The second study group, the Committee to Review the Child Protective System, came away with a grade of D, because, Wexler said, “it barely recommended anything.” It was appointed by the Legislature’s Judiciary Committee.
That second committee was working with a “stacked deck” since its membership didn’t include a parent whose children had been taken by DHS or a former foster child, Wexler said.
Still, both groups deserve A for their “intense and sincere effort to learn about child welfare and try to fashion real solutions,” he said.
Wexler chose the first anniversary of the death of 5-year-old foster child Logan Marr to issue his statements, which were accompanied by his second annual report on ways to improve Maine’s child welfare system.
Titled “Safe At Home,” the study contained 20 recommendations that Wexler contends would make children safer, while reducing the number taken from their homes.
The reforms include changing financial incentives so private agencies aren’t discouraged from reunifying families, raising caseworkers’ pay, opening court hearings and almost all case records to the public, requiring caseworkers to audio tape interviews, and allowing parents who believe they’ve been wronged to sue the department.
During a visit last year, Wexler issued a report charging that the state endangers children by taking too many of them from homes that are safe or could be made safe with the right type of services. DHS has one of the worst records for placing children with relatives, even though such placement is safer, he stated in the report.
Based in Alexandria, Va., the NCCPR is funded by grants from the Annie E. Casey Foundation, the David and Lucile Packard Foundation, and the Open Society Institute, according to its Web site.
Both committees’ investigations were spurred by the death of Logan Marr of Chelsea, who allegedly was suffocated by her foster mother. The case has become a symbol of the problems DHS has guaranteeing the safety of its charges.
Wexler said Thursday that the Health and Human Services Committee’s recommendations, such as requiring DHS to improve kin and sibling contact and to monitor compliance with laws, are so “terribly, frustratingly vague and general.
“They might work if the agency wasn’t in denial,” he said.
He took the Committee to Review the Child Protective System to task for “settling mostly for tinkering here and there and endorsing the work of others now and then.
“Even where the committee recommends something that looks like a change, it includes so many loopholes that DHS can claim to go along while making no real changes at all,” Wexler said.
Requiring that DHS only tape interviews with children leaves workers free to misunderstand and misrepresent parents, he said.
Wexler also was disappointed that the committee voted not to raise the standard of proof the state should meet before taking a child from his or her parents.
“Perhaps, had such a higher standard existed, Logan Marr would be alive today,” he said in his report.
Meanwhile, on Thursday Rep. Eddie Dugay, D-Cherryfield, a member of the Health and Human Services Committee, said his group and DHS are working to make more definitive changes.
The committee plans to ask DHS each month to report on indicators such as the number of children placed with relatives and the number of families receiving substance abuse treatment.
“Each month we’ll have a snapshot from DHS so we can tell at a glance what’s going on,” Dugay said.

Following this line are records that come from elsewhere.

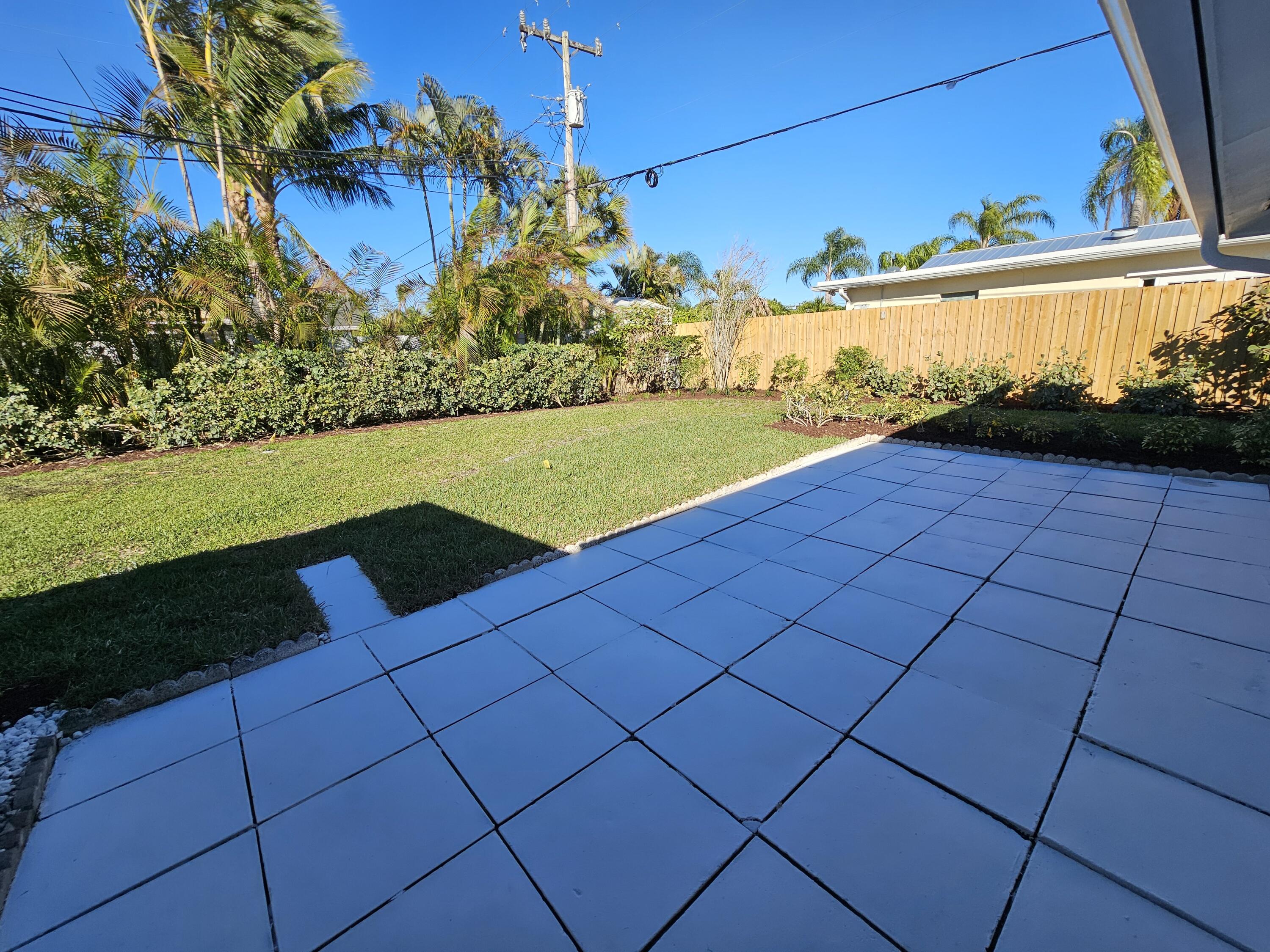 355 Franklin Road Tequesta, FL 33469 - Photo 33 of 33 Large rear patio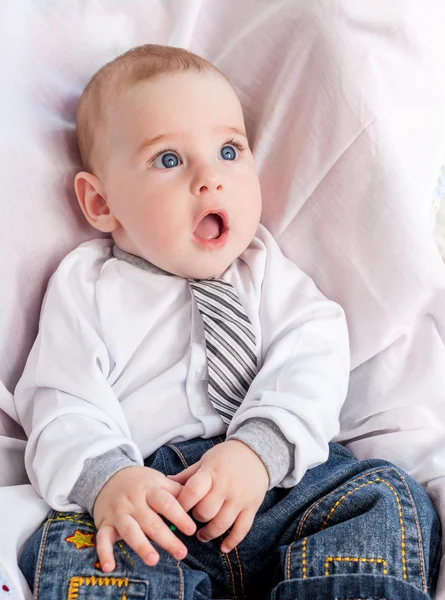 Little baby sitting in car seat — Stock Photo, Image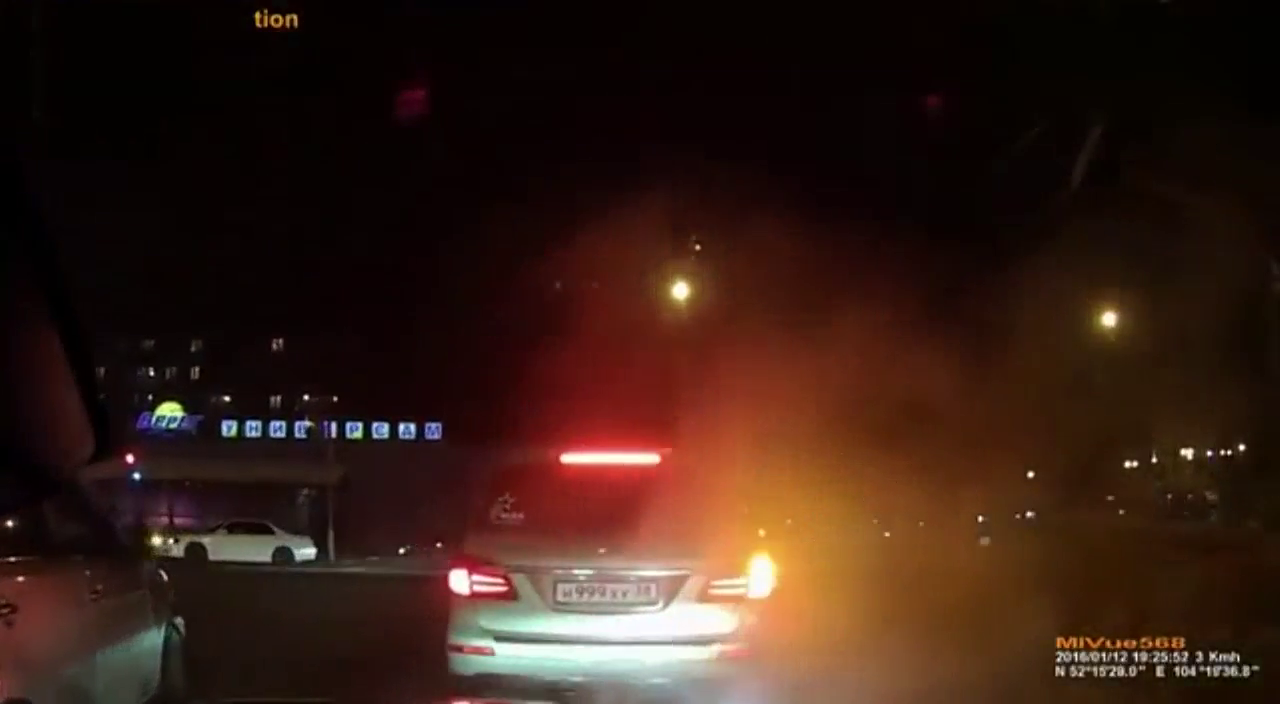 为啥开车要离大卡车远点？看完这个视频你就知道了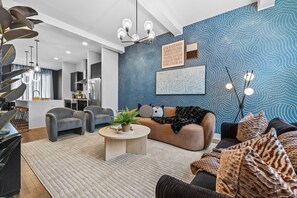 Smart TV, fireplace - The Afterglow: Rooftop, Speakeasy, Sleeps 12 (Nashville)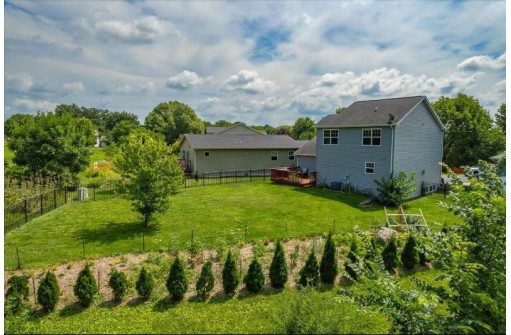 4618 New Freedom Lane, Fitchburg, WI 53711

His committee’s investigation has helped in other ways, he said. DHS officials are looking into putting more money toward substance abuse treatment for families. And they have asked the Casey Foundation, a children’s advocacy group, to put together a software program to help them assess data, Dugay said.
The department has hired a substance abuse educator and counselor to work with the DHS office in Washington County, he said.
Rep. Charles Laverdiere, D-Wilton, a member of the Committee to Review the Child Protective System, said he wished Wexler had attended more than one of the group’s meetings.
“The people on the committee we think provided a good balance and thoughtfully and carefully reviewed the information available from experts within the state,” he said Thursday.
LaVerdiere said the committee’s recommendations that required legislation would be put into one bill that currently is being drafted. A public hearing will be scheduled, he said.
Sen. Susan Longley, D-Liberty, chair of the Health and Human Services Committee, said earlier this week that the group is meeting weekly to get a sense of what recommendations need a fiscal note and what could be done within existing resources.
“The goal is to make the system accountable and protect the children, and whether that comes in the form of one bill or two bills or no bills, that’s secondary to the goal of making sure we get the job done,” she said.